Leadership and AI
Last week was the start of the NAIAS, the North American International Auto Show. It’s a big deal here in Detroit and an opportunity for us to all see what the future holds for the automotive industry. It is filled with cool events, even cooler exhibits and is an overall good time in the city.
I had the opportunity to attend an event thrown by InForum, a non-profit organization focused on leadership and development. They have amazing programs, especially for women. Check them out at www.inforummichigan.org. Anyway, the event was centered on AI (Artificial Intelligence) and how it may play a part in our lives and in the automotive industry in the future. A panel of thought leaders in AI discussed where we are with the technology, what we need to ensure happens for safe applications, and how prevalent AI is today without us even realizing it (yeah, I’m taking to you Netflix recommendations!).
The discussion was fascinating, tons of learnings for all. I left understanding much more about AI and intrigued by how it will be used in not only my life, but the life of my kids. I mean, Alexa has been like a new family member after all the kids got Echo-dots for Christmas. The kids might even be talking more to Alexa than are to each other. I digress.
One of the things that really struck me from the conversation was how much data is needed for AI to function properly. In order to provide the right answers or right recommendations, there needs to be an overflow of data, scenarios and results. In the event that even one is missing the result will not be what is expected. The easiest way to understand this is when you ask Alexa what time the Patriots vs. Chiefs game is and she responds with the weather in Suriname. I know this is an exaggeration on my part, but even with the advances we have made in conversational AI technology, we still receive wrong information depending on how we ask a question. The system needs to take into account millions of variances in order to provide you with the exact answer you are looking for.
When we move the discussion to self-driving cars the consequences could be even more dire since a faulty result could impact lives. That is why Alisyn Malek, COO and Founder of May Mobility, said that auditability of results is the most important factor in what she is working on regarding self-driving cars. If the audits show that the results are less than perfect, the car will not see the streets.
That tidbit really stuck with me and not just because Alisyn said if there is one thing you should take away from this discussion, it is this. It stuck with me because as leaders we might not be auditing ourselves as much as we should. What I mean is that leadership is hard, and much like the AI systems I have just discussed, we take in several amounts of inputs that dictate how we approach a particular situation. We have to take in consideration emotions, timing, tenure, skill level. Personal situations, bottom line, how it will affect the team. Every time we have a discussion with one of our teammates the data needed to make the right decisions is overwhelming. And much like the AI systems of now, our answers are not always on the money.

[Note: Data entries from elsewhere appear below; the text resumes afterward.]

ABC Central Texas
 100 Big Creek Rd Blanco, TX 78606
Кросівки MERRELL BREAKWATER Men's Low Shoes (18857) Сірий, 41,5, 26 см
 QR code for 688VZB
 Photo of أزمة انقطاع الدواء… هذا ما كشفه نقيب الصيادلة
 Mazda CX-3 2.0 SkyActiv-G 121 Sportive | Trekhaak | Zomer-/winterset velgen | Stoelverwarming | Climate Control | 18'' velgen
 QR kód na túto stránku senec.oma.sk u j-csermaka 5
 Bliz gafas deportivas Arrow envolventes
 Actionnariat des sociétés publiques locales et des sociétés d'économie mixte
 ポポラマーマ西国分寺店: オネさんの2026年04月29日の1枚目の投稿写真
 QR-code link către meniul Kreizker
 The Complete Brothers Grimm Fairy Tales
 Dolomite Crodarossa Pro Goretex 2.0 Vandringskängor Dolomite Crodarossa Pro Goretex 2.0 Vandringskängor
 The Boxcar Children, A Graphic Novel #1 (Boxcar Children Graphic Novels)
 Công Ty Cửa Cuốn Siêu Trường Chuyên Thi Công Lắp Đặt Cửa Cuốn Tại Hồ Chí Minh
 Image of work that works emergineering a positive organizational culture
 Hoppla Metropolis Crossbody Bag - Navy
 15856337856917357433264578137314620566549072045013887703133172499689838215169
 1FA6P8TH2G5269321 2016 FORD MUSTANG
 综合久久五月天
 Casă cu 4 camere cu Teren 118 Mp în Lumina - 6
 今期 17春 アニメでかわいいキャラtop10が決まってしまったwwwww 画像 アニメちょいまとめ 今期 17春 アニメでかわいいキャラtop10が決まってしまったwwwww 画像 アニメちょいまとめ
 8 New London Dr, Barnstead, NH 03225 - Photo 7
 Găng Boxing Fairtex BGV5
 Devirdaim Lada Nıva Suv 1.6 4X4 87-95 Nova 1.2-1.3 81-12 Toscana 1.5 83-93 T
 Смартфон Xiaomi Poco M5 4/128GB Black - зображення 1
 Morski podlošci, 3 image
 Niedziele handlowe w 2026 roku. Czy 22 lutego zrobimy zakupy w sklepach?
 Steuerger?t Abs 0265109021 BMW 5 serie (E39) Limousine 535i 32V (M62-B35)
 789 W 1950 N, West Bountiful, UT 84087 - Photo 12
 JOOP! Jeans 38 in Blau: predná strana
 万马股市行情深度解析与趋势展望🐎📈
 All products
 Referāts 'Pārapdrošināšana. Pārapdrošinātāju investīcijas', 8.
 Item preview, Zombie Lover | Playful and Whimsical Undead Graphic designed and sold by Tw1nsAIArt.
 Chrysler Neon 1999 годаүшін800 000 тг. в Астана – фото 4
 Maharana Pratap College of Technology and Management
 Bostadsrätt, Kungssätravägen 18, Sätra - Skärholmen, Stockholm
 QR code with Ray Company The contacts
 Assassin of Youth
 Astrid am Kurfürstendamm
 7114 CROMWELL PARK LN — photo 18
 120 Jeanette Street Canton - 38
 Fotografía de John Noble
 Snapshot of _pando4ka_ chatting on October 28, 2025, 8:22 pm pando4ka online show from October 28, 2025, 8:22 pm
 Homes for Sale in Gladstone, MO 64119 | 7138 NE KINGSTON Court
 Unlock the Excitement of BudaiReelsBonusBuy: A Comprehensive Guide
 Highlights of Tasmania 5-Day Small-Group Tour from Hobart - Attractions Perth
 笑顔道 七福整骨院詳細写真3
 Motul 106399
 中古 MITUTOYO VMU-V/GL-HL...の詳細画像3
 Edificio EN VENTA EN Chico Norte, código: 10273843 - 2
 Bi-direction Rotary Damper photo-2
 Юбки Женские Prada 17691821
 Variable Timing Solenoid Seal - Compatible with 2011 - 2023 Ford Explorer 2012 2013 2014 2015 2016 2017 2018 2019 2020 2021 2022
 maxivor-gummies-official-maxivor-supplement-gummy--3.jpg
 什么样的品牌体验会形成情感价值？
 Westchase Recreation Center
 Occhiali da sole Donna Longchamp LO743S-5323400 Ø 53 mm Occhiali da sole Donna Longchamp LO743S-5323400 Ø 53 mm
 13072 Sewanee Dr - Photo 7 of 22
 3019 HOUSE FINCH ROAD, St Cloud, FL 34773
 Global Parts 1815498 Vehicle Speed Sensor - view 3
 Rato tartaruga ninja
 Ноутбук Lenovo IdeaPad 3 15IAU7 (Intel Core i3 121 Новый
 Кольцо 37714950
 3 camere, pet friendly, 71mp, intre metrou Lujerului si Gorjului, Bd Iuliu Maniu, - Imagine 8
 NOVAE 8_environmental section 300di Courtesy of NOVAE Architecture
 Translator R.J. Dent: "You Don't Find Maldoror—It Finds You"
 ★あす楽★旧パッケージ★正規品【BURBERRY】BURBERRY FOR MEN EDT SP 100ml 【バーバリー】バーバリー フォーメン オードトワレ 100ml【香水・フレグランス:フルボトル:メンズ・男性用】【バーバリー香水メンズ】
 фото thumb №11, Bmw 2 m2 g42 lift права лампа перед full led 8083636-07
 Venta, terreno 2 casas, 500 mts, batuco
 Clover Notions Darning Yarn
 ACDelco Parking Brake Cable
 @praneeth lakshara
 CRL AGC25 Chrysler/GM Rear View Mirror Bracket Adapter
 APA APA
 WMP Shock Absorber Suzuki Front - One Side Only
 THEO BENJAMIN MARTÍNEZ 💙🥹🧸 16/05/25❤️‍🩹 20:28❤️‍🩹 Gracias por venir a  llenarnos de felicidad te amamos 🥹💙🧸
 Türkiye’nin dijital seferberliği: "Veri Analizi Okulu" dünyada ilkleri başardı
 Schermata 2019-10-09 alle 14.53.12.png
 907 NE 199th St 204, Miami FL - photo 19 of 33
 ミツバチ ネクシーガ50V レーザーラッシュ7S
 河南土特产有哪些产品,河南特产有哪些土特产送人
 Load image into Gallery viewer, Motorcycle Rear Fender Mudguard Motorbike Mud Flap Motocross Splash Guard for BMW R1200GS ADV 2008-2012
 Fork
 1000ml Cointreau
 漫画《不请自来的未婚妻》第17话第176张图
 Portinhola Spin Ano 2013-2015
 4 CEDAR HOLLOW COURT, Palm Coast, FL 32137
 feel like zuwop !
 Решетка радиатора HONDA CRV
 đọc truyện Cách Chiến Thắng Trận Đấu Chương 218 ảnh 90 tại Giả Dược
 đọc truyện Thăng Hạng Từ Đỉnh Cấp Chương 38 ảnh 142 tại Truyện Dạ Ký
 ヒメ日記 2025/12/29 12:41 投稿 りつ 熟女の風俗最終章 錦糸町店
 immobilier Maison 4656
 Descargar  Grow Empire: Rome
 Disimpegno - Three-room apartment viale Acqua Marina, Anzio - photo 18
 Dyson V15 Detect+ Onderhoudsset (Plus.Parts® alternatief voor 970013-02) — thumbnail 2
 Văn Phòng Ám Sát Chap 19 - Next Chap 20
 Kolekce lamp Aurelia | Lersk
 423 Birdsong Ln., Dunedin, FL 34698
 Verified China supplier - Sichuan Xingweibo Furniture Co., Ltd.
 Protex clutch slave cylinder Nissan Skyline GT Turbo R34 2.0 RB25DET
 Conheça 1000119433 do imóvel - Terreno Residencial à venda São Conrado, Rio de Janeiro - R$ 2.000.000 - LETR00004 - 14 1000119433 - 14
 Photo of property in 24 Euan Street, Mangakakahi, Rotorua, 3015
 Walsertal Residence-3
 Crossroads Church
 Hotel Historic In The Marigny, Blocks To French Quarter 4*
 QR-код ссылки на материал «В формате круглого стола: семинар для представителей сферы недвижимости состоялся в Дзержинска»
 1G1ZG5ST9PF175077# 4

So how do we ensure that we are making the best possible decisions, or having the best conversations? We need to audit. We need to revisit the situation and reflect on what went well and what could have gone better. Being able to analyze this data will allow us to react differently the next time the same situation presents itself.
But here is the catch… There will be few times when the answer will be exactly the same. Humans are, well…human. And they are beautifully unpredictable and unique. What would work for one person, will not necessarily work for the other. There will also be variants on YOUR disposition, personal situation and demeanor. You will need to not only account for your team’s reactions but yours. Thank goodness for emotional intelligence.
Regardless, if we approach our auditing process as meticulously as the thought leaders of AI technology approach their results, we can and will become better leaders. Leaders that we badly need. Because it does not matter how much technology advances, leadership will always be innately human.
Andre Mello is a Business Coach and it is a little scared that Alexa will share all his secrets with the world. Regardless he will keep engaging because he cannot help himself. Andre has been in Marketing and Leadership for over 17 years. If you would like to connect with him, please visit www.wysecoaching.com.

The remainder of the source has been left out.